Recorded information:
-- Opening Marker --
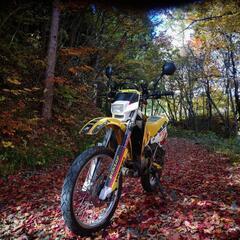 【現金値引き可】スズキ TS200R 走行9200Km 希少2ストオフローダー 消耗品関係ほぼ全交換（これだけで5万くらいかかってます） すぐ乗れます！の画像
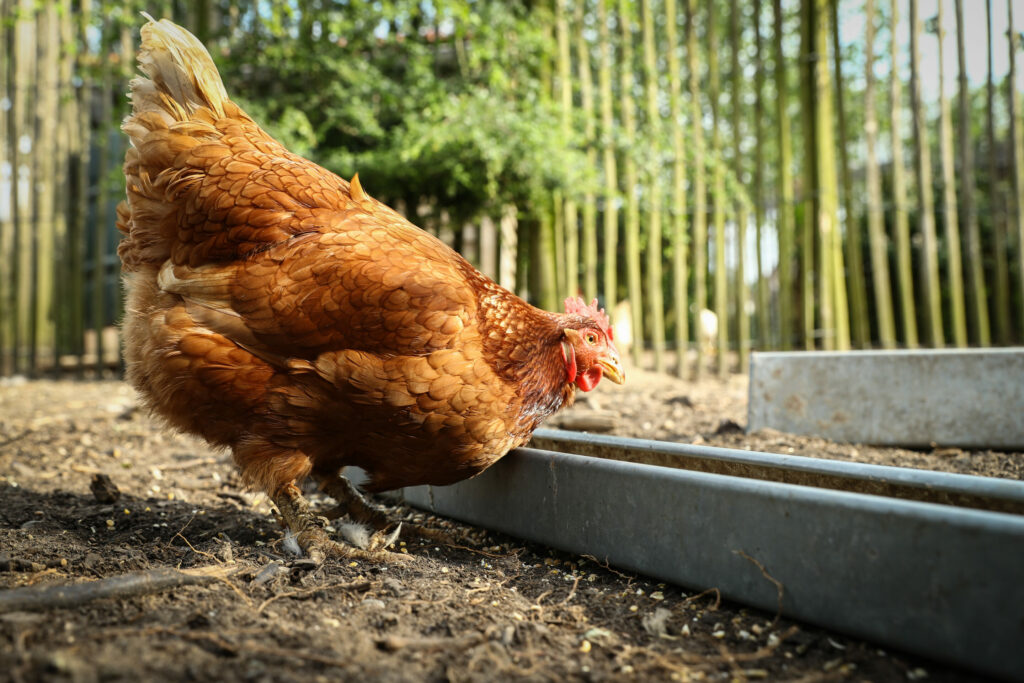 Belgians called to be cautious amid new bird flu outbreak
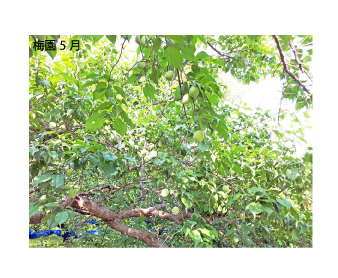 M071　紀州完熟南高梅　和み梅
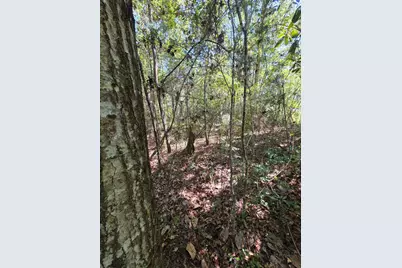 Lot 1 & 2 Antioch Road, Crestview, FL 32536 - Photo 4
-- Closing Marker --
What you have to do: Where pictures occur in the material above, omit them and return everything else exactly.

Result for this exercise:
 【現金値引き可】スズキ TS200R 走行9200Km 希少2ストオフローダー 消耗品関係ほぼ全交換（これだけで5万くらいかかってます） すぐ乗れます！の画像
 Belgians called to be cautious amid new bird flu outbreak
 M071　紀州完熟南高梅　和み梅
 Lot 1 & 2 Antioch Road, Crestview, FL 32536 - Photo 4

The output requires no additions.